Late-night evolved. It never recovered the King of Late Night’s reach.

By today’s standards, Carson looks almost minimalist: a desk, a band, conversation allowed to breathe. Parents ended evenings there after the kids went to bed. The show closed the day not through spectacle but familiarity.

Rush occupied a different hour but understood his medium just as completely.

As broadcasting technology advanced and competitors added panels, simulcasts, and digital bells and whistles, Rush’s formula barely changed. Behind the golden EIB microphone sat one prepared voice, a “stack of stuff,” and three hours shaped not by focus groups but conviction.

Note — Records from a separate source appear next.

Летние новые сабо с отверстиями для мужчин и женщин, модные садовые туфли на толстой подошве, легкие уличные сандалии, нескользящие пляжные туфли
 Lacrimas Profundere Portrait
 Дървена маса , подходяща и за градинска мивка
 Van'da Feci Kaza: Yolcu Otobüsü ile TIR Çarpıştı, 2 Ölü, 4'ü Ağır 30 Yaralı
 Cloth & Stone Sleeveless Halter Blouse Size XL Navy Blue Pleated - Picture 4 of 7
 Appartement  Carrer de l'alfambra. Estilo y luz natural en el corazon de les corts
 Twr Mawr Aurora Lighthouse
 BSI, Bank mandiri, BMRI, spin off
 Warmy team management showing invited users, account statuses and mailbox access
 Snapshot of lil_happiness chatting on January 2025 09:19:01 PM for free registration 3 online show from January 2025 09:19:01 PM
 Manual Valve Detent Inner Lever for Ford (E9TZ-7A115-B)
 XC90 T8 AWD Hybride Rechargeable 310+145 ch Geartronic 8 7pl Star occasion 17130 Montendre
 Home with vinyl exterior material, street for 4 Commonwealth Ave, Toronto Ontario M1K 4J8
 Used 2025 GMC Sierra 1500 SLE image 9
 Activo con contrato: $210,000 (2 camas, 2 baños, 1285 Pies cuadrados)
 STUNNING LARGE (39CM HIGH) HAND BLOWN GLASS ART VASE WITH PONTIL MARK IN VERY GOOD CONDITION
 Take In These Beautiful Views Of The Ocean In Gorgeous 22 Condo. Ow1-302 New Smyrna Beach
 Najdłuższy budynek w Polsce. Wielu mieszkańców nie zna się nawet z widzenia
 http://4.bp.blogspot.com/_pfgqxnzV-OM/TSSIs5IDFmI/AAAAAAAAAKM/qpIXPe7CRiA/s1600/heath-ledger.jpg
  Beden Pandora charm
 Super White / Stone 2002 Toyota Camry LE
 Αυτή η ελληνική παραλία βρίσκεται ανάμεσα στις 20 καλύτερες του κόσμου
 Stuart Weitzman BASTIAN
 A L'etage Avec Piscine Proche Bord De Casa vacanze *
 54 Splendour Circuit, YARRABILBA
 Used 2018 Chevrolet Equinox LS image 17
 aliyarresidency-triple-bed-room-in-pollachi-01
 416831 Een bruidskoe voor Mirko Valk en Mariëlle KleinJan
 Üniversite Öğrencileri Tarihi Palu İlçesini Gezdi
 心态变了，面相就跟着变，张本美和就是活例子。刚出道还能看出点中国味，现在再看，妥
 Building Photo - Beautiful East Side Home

Some days funny. Some days angry. Always patriotic. Sometimes wounded or reflective — even nostalgic.

Listeners heard it when Rush entered rehab in 2003. They heard it again when he announced his cancer diagnosis in 2020. They followed professional triumphs and personal failures, marriages that ended, and later the unexpected joy when he met Kathryn Rogers and married her in 2010. They heard the frustration and adaptation that followed the loss of his hearing.

The humanity never weakened the authority. It reinforced it.

Rush spoke from belief, and listeners found him.

He often said he never set out to build a network of hundreds of stations or reach millions of listeners. His goal was simpler: Be the best broadcaster he could be. Not an alternative. Not a counterpoint. The best at articulating what made America exceptional — and at exposing ideas that threatened it.

The audience followed.

For many people, the show unfolded alongside responsibilities that never paused for politics. For years — through hospital visits, surgical waiting rooms, doctor’s appointments, and pharmacy runs with my wife — Rush kept me company more hours than almost anyone outside my family.

He didn’t interrupt my life. He traveled alongside it.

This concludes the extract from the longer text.